This is how I would expect it to work. Caching mutable collections is a legitima...

pyuser583 · on July 9, 2021

Can you show me a caching framework/library written in something other than Python that exhibits this behavior?

Edit: Can you show me a caching backend other than local memory (Redis, for example) that implements this behavior?

goodside · on July 10, 2021

This isn’t special behavior that lru_cache “implements”, it’s intrinsic to how mutable contained objects work.

Imagine you `lru_cache` a zero-argument function that sleeps for a long time, then creates a new temp file with random name and returns a writable handle for it. It should be no surprise that a cached version would have to behave differently: Only one random file would ever be made, and repeated calls to the cached function would return the same handle that was opened originally.

If you didn’t expect this, you might complain that writes and seeks suddenly and mysteriously persist across what should be distinct handles, and maybe this `lru_cache` thing isn’t as harmless as advertised. But it’s not the cache’s fault that you cached an object that can mutate state outside the cache, like on a filesystem.

Logically, the behavior remains the same if instead of actual file handles we simulate files in memory, or if we use a mutable list of strings representing lines of data. Generalizing, you could cache any mutable Python collection and see that in-place changes you make to it, much like data written to a file, will still be there when you read the cache the next time.

The reason you don’t see “frameworks” for this is because tracking references to instantiated Python objects outside of the Python process is pointless — objects are garbage-collected and are not guaranteed to stay at the same memory location from one moment to the next. Further, if the lists themselves are small enough to fit in memory, surely there’s no need for out-of-memory scale to cache simple references to those objects.

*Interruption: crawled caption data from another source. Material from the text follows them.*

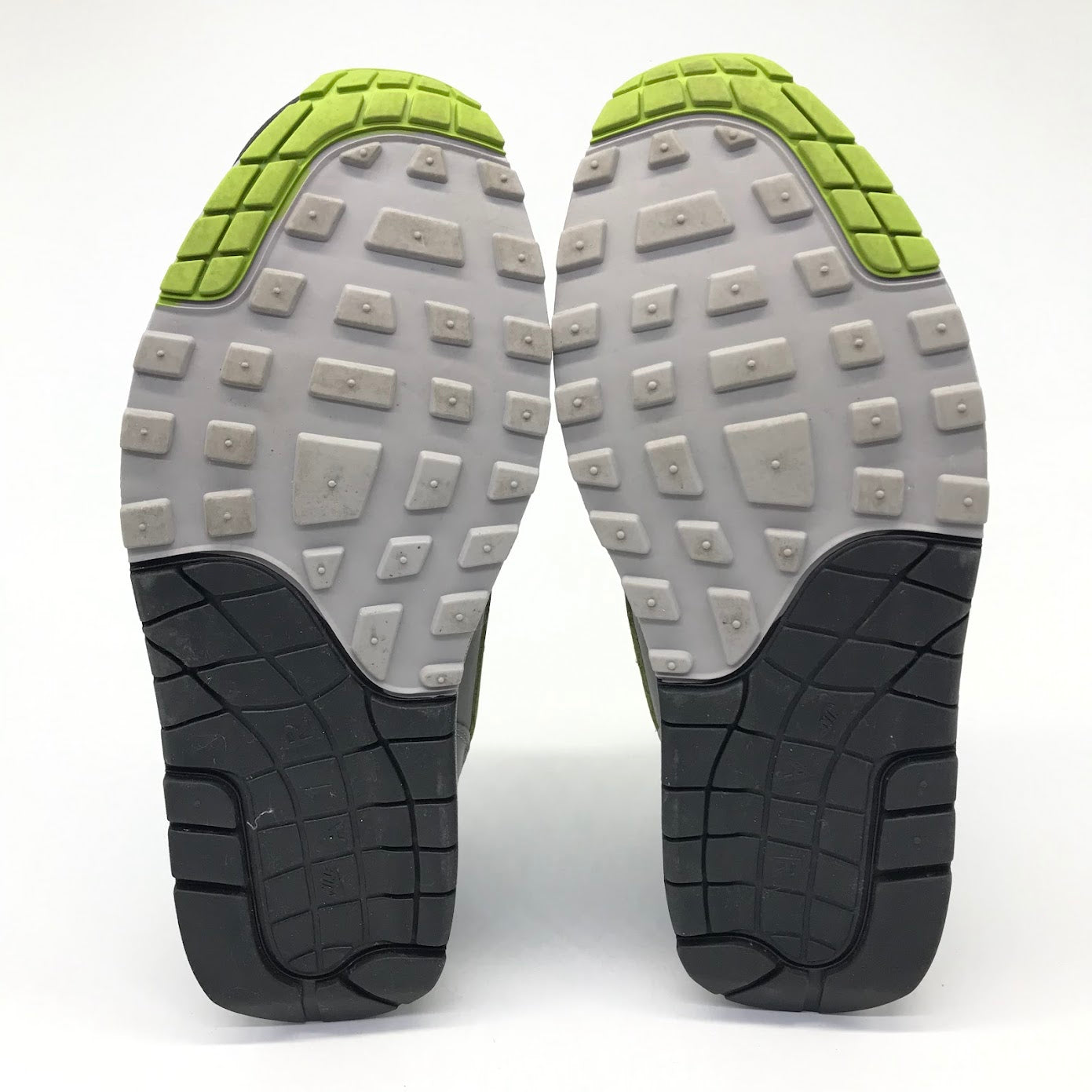 AIR MAX 1 PEAR スニーカー HF3713-002 グレー 27cm【倉吉店】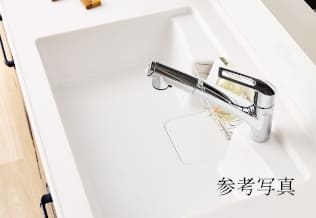 サイズに余裕を持たせ大きな鍋なども洗いやすいシンク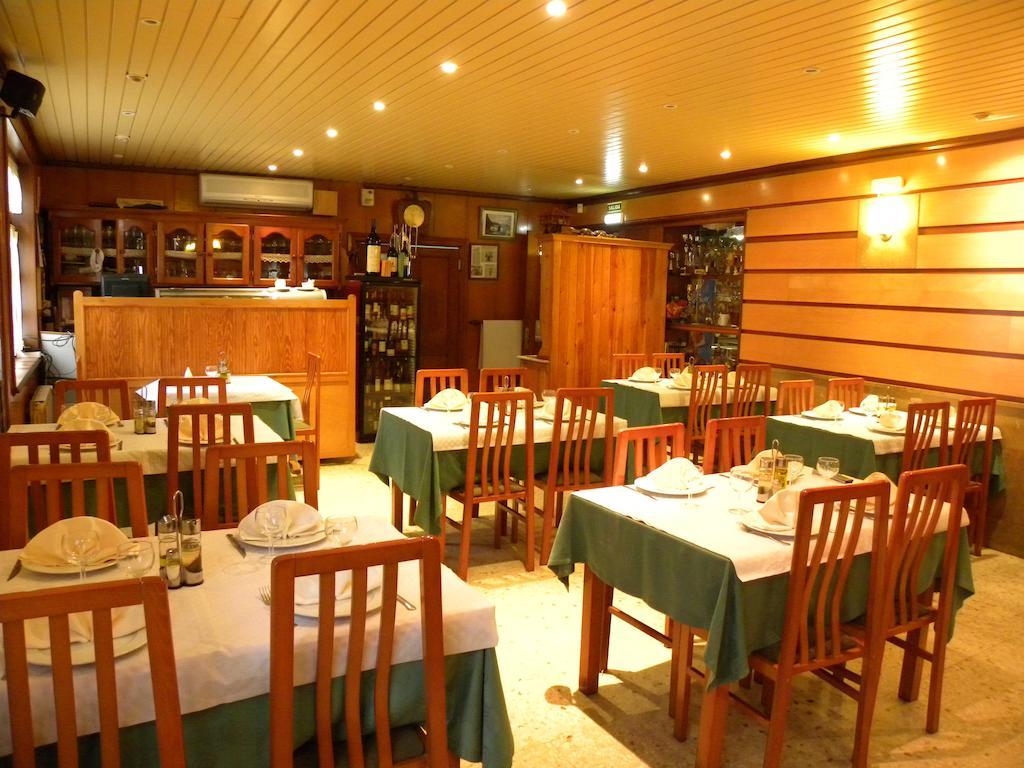 Hotel Restaurante Casa Fernando Ballota Exterior foto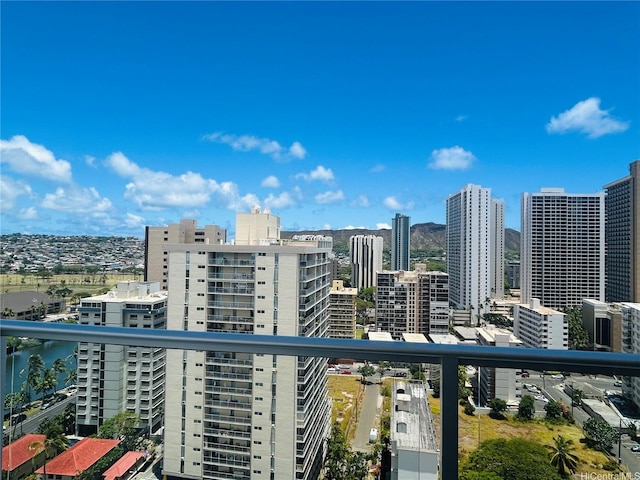 2421 Tusitala St Unit 2201, Honolulu, HI 96815 - balcony with a city view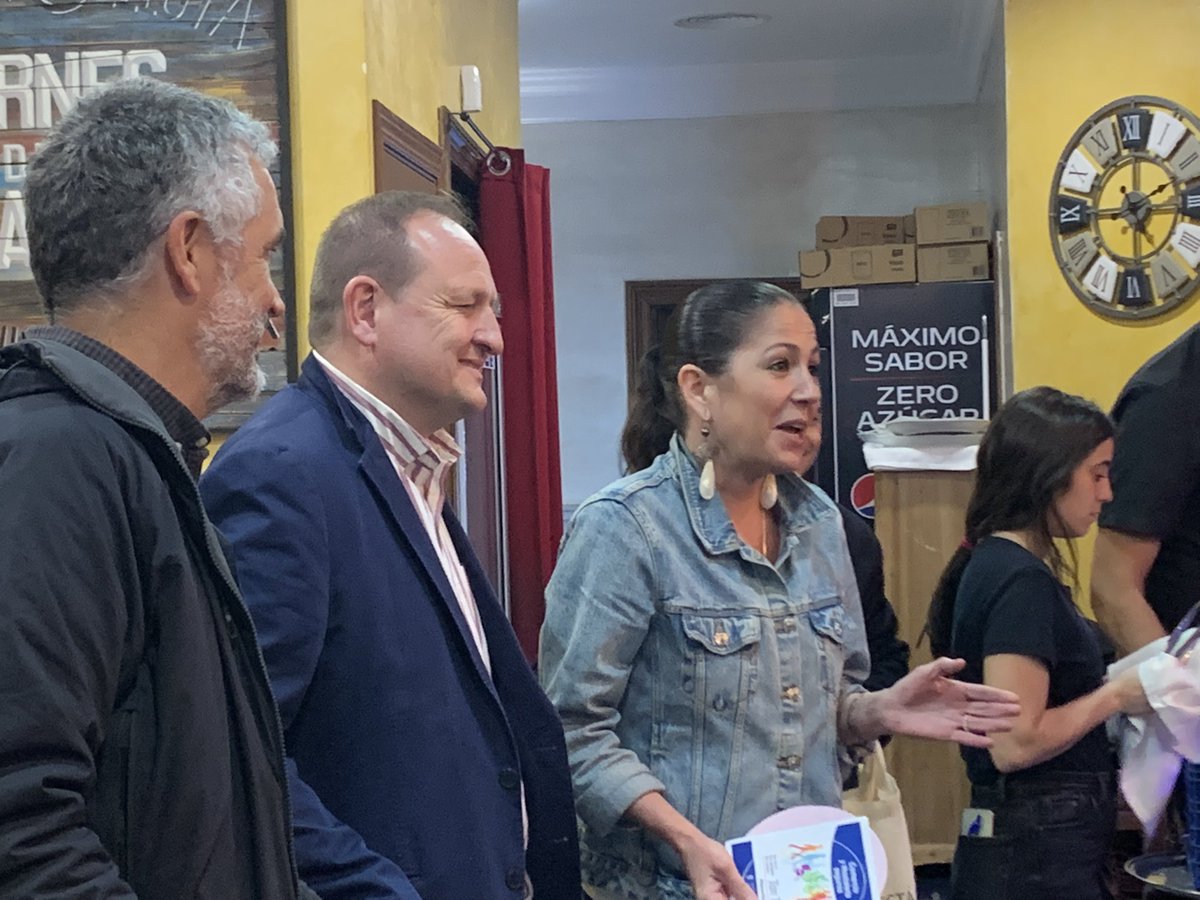 Estamos en Avda de Brasil, con <a href="/MARedondoR/">Miguel Ángel Redondo</a>, <a href="/bpinedotex/">Blanca Pinedo Texidor</a>, y vocales de <a href="/CsTetuan/">CS Madrid Tetuán</a> visitando diferentes establecimientos. 
¡Hay que apoyar a la hostelería que tanto influye nuestra economía y tantos puestos de trabajo genera!. 
#TodoEstáEnMadrid
#TodoEstáEnTetuán
#VamosTetuán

goodside · on July 10, 2021

Stepping back, I think part of your surprise toward `lru_cache` stems from familiarity with out-of-core or distributed caches, where the immutability of cached values is simply imposed by the architecture. In a distributed cache, modifying the cached value in-place means making another API call, so you can’t mutate the cached object accidentally because you mistook it for a copy.

The only way you can have this confusion is if the actual cached object could be somehow returned. That only happens when everything in the cache is actually just a Python object in your same process.